Representing more mid-'90s lunacy from the Sci-Fi Channel, Michael Pare stars in Carver's Gate, a post-apocalyptic tale of virtual reality gaming gone bad. Carver (Pare) is a 'dream cop' of some sort, wearing an old-fashioned body suit with poorly designed leather accessories. His beat is to (I think) make sure the few Earthly survivors don't get too hooked on the virtual reality game Afterlife, that the standard evil corporation seems to want them to get hooked on. Kind of like Big Tobacco, I suppose. Nevertheless, when the game's designer is mysteriously killed, and a revolutionary device called the Transcender (which enables people to go into the game for real, and not just in virtual fashion) goes missing, it's up to Carver to sort it all out.
Personally, I'm more than happy to let Carver tackle the job.
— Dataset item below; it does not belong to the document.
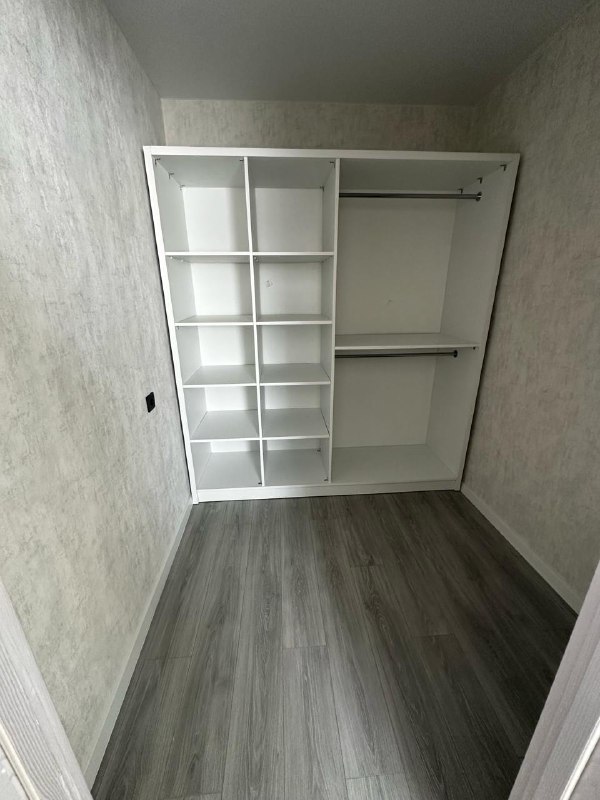 2-комнатная квартира 69 м² в Батуми 7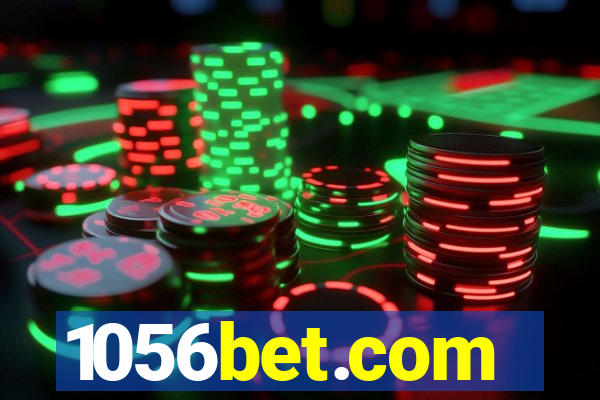 1056bet.com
Amazingly enough, one only has to see two Sci-Fi Channel movies to get the drill: convoluted, needlessly detailed plots, aggressively designed but extremely limited sets, a few limp action set-pieces, some goofy costumed monsters and one-take acting that ranges between TV sit-com and musical theater quality. That's not to say Carver's Gate is bad, just not worth going out of your way to watch it, unless you're a young twenty-something with a lot of nostalgia for your adolescent cable-watching years.
Carver's Gate is unique in beating more highbrow efforts like existenz to the punch; then again most of these movies are just riffing off of TRON anyway, so who's counting? Pare is adequate as Carver, providing much-needed soothing voice-over, and an otherwise serious, deadpan performance. He's vaguely romantic with lady characters both living and somewhat not-living (again, I think) and brings some low-level urgency to his action duties. Others fare not so well. There's the imperious corporate lady whose portrayal is phoned in, other somewhat disinterested types, a hottie destined for Baywatch perhaps, (and looks great in her jumpsuit) an angel/devil computer girl who's confused as to who is the master and who the creation, and then the game's creator, who in her Afterlife incarnation overacts so egregiously you want to suck your quarters back out of the machine to shut her up.
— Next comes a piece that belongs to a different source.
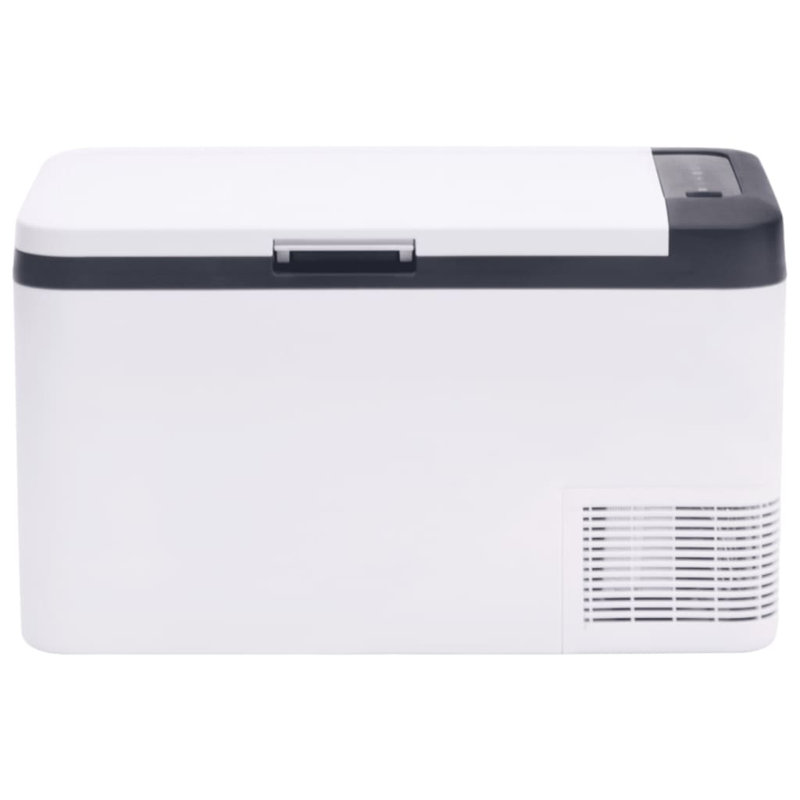 Avelia Dakota Fields 25L Ice Chest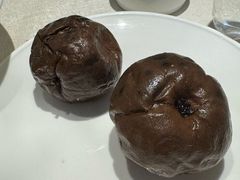 -和和小厨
Lastly there is an unimpressive (in today's HD CGI world) miniature of the city that houses our survivors, a few creepy but cheap creature effects, and an obligatory, brief topless shot (to remind viewers of the time that they were paying to watch TV) and a whole lot of sci-fi-psycho-bibble-babble to keep you from remembering you're supposedly watching an actual movie. Carver's Gate might be the type of thing to actually keep you awake if you stumbled upon in during a fit of insomnia-inspired channel surfing, but is no great shakes for your rental - or heaven forbid, collector's - dollar.